When someone talks about their ROI, they mean their Return on Investment. Am experienced business person will want to know all about the ROI of a project, because it tells him or her how successful the project is. ROI is usually a matter of simple mathematics, although it can involve a number of different factors.

Any expense that a company has can be calculated in terms of ROI. Some expenses may not have any direct ROI, or their ROI might be zero. Buying a new stapler, replacing a broken printer, or repainting a room doesn't produce any revenue, so these expenses don't have any ROI. For this reason, ROI is not customarily used to discuss these types of expenses, even thought they could be considered investments in the company.

A more common use for ROI might be something like an ad campaign. Buying ad space on a website, hiring a advertising firm to create the ad, and paying a photographer to take pictures of your product all cost money. This is your investment in the ad campaign. In order to determine your ROI, you need to figure out how much money your company will make because of this campaign.

Figuring out the return on a project like this can be difficult. The company might determine its average income before the ad campaign, and then again after and look for any difference. In this case, other factors might come into play. The economy may have changed for example, so this is not a completely accurate method. Asking clients where they heard about your product can prove useful to approximate how many new clients were encouraged by the ad. A client who already intended to buy the product might have seen the ad on the way to the store, so this is not a foolproof method either.

Because ROI is often not a precise measurement, an approximate figure is usually sufficient. The more accurate the better, but some error is expected. ROI is most often used as a comparison between different investment options.

What does Bounce Rate mean and what is an acceptable rate?

Bounce rate is a term used in web site traffic analysis. It essentially represents the percentage of initial visitors to a site who enters and exits at the same page without visiting any other pages on the site in between.
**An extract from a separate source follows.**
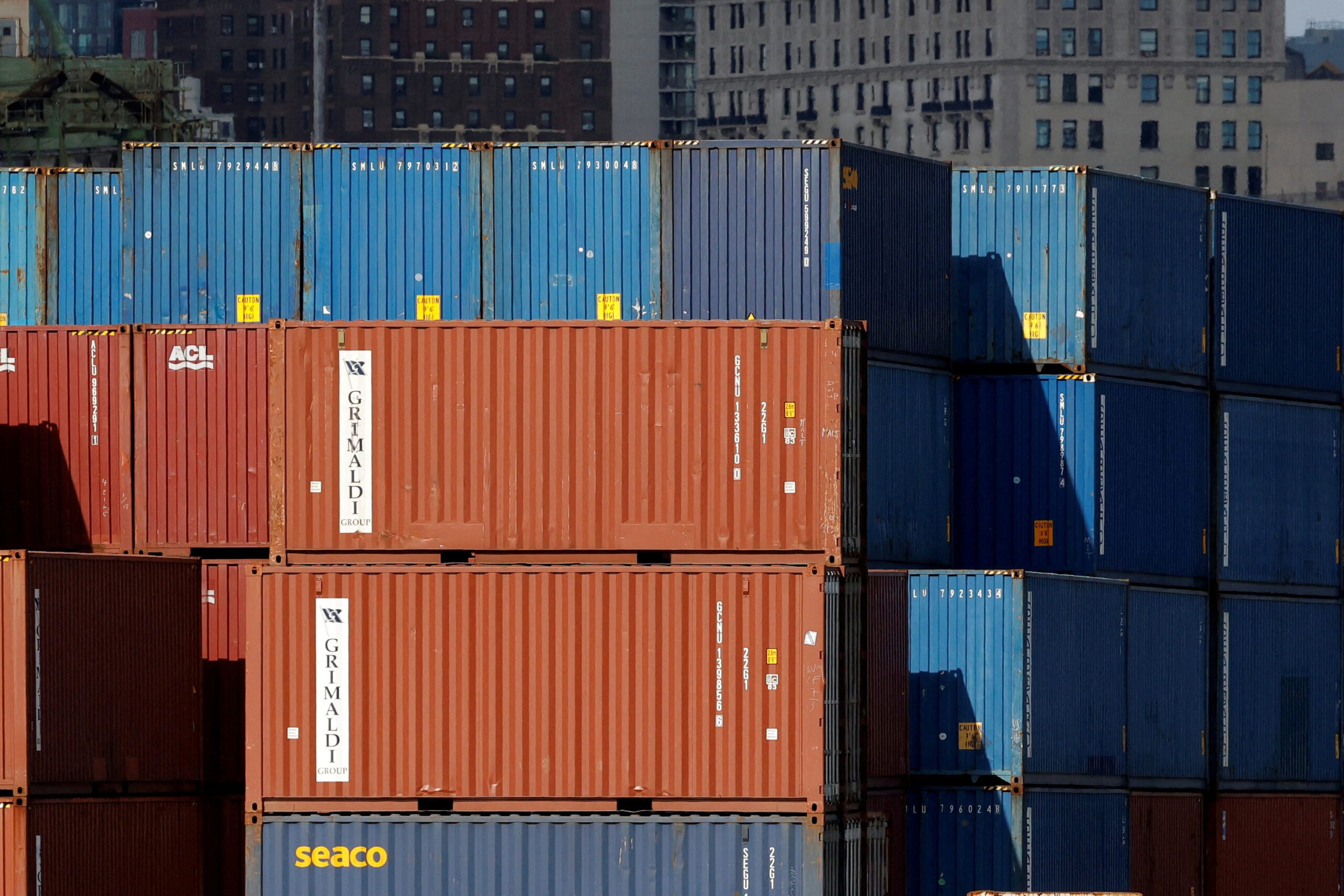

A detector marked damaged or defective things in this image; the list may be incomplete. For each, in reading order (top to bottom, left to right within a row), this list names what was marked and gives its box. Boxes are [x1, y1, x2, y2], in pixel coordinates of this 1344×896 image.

rust stain on container [133, 322, 270, 548]
rust stain on container [267, 321, 865, 561]
rust stain on container [0, 553, 202, 789]
rust stain on container [244, 566, 849, 811]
SEO companies use this measure to guage the quality of visits to the website. A high bounce rate typically indicates that pages are not relevant to your visitors or thier searches. The more relevant your entrance pages are to the search terms use the more visitors will want to stay on your site and convert to clients.
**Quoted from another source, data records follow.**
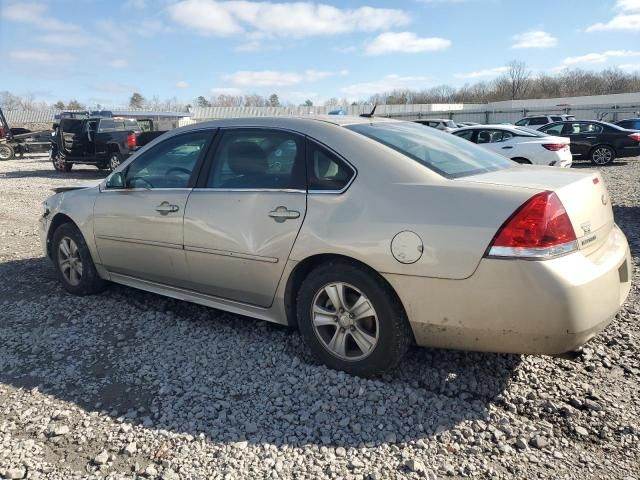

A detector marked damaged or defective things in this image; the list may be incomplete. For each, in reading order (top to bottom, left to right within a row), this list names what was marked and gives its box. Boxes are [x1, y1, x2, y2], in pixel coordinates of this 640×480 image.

dent on car door [92, 129, 216, 286]
dent on car door [182, 128, 308, 308]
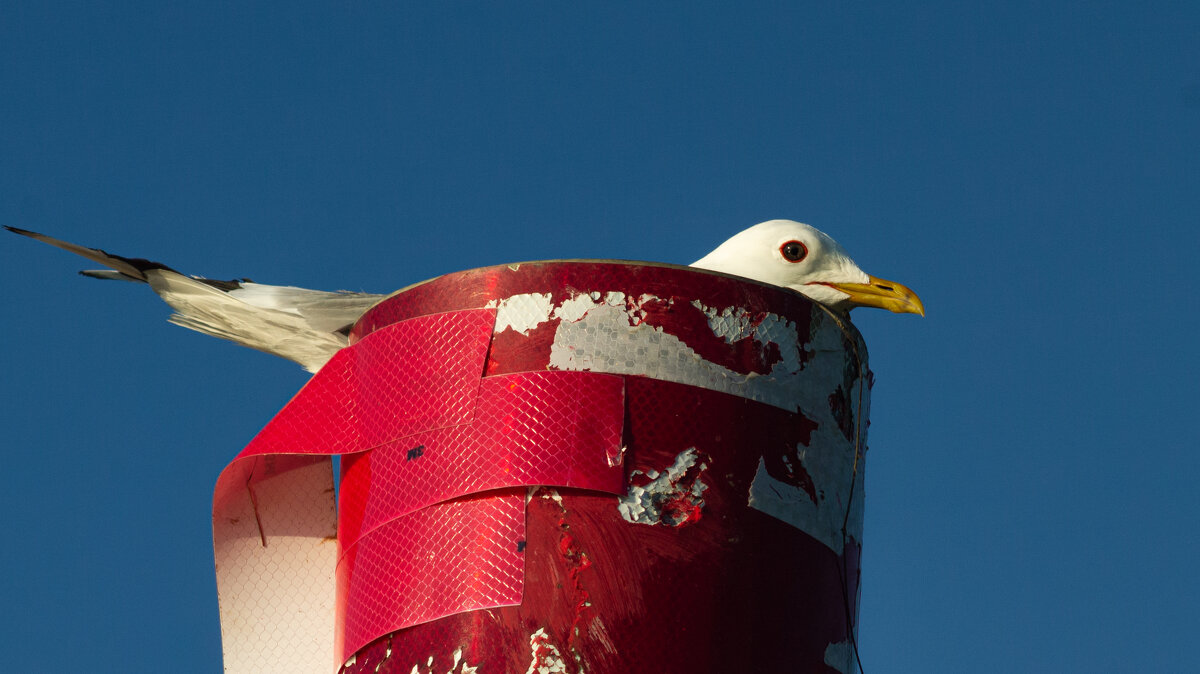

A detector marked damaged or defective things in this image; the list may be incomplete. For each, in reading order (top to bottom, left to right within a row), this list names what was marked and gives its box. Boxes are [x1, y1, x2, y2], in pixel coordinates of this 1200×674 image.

peeling paint [619, 446, 710, 525]
peeling paint [523, 628, 568, 671]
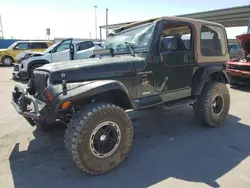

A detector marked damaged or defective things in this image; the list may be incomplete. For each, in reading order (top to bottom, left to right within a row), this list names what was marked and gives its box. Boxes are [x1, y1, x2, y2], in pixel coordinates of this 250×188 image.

damaged vehicle in background [12, 38, 102, 79]
damaged vehicle in background [228, 33, 250, 86]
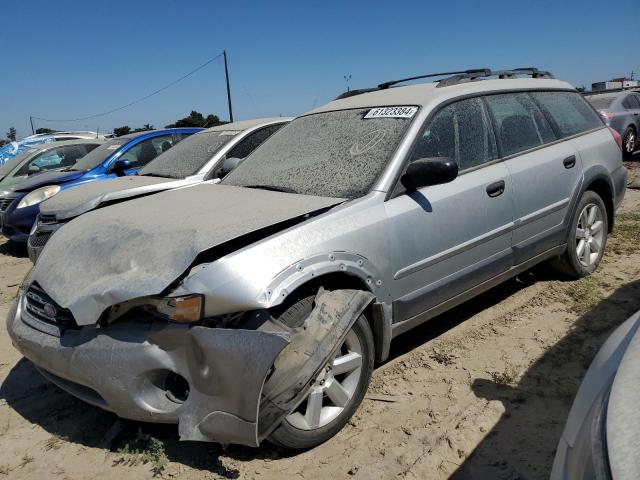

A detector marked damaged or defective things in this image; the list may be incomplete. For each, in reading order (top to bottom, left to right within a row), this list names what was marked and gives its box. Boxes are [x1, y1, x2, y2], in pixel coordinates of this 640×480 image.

crumpled hood [13, 169, 85, 191]
crumpled hood [41, 175, 182, 220]
crumpled hood [31, 183, 340, 322]
damaged silver wagon [6, 68, 624, 450]
crushed front bumper [5, 300, 288, 446]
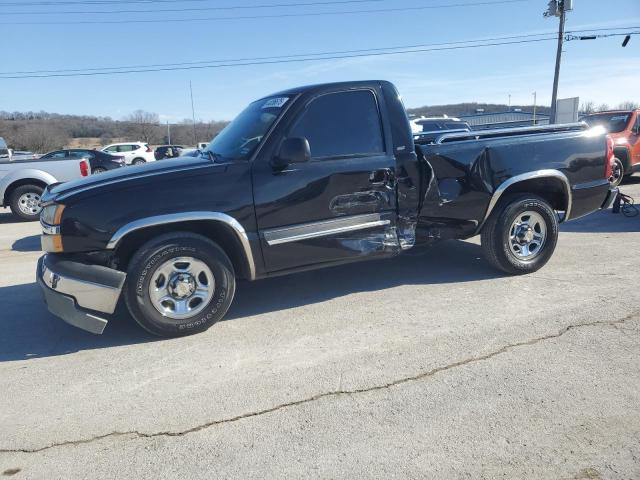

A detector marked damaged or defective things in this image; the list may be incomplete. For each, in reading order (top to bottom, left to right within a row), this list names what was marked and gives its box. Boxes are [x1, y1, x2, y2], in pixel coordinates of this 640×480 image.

crack in pavement [2, 314, 636, 456]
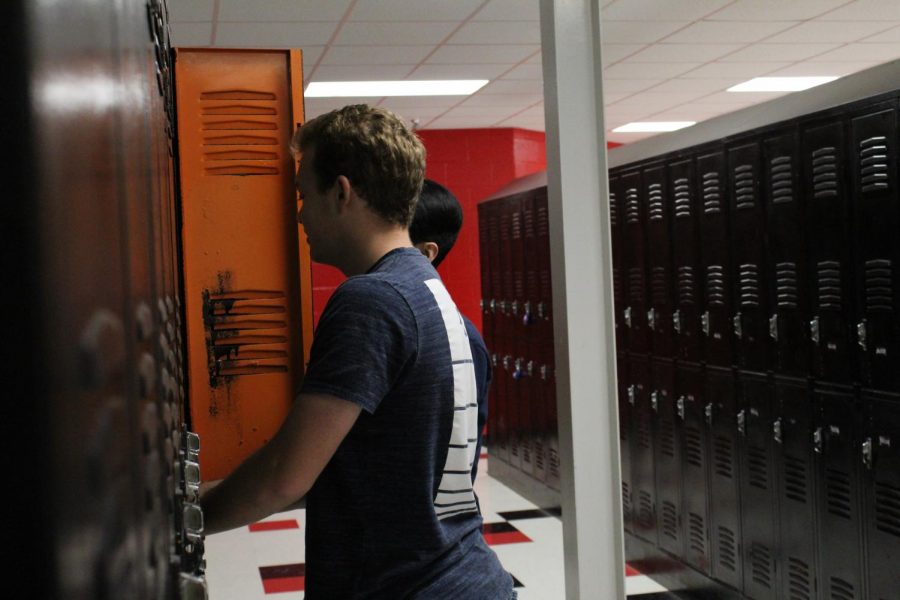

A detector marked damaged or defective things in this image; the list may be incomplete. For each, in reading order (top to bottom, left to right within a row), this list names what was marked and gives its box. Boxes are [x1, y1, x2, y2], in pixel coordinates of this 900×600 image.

Opinions vary regarding acceptable bounce rates with Google suggesting that a 30% or better rate is acceptable. Acceptable bounce rate is really determined by what your goal on a web page is. If a person's query is answered on the landing page, then a high bounce rate is fine. If you want someone to buy something on the next page, then a high bounce rate is bad.

What is Google Analytics?

Google Analytics (GA) is a free service offered by Google that generates detailed statistics about the visitors to a website. The tool can be used to track all the usual site activities: visits, page views, pages per visit, bounce rates and average time on site etc. But it can also be used to specifically track Adsense traffic.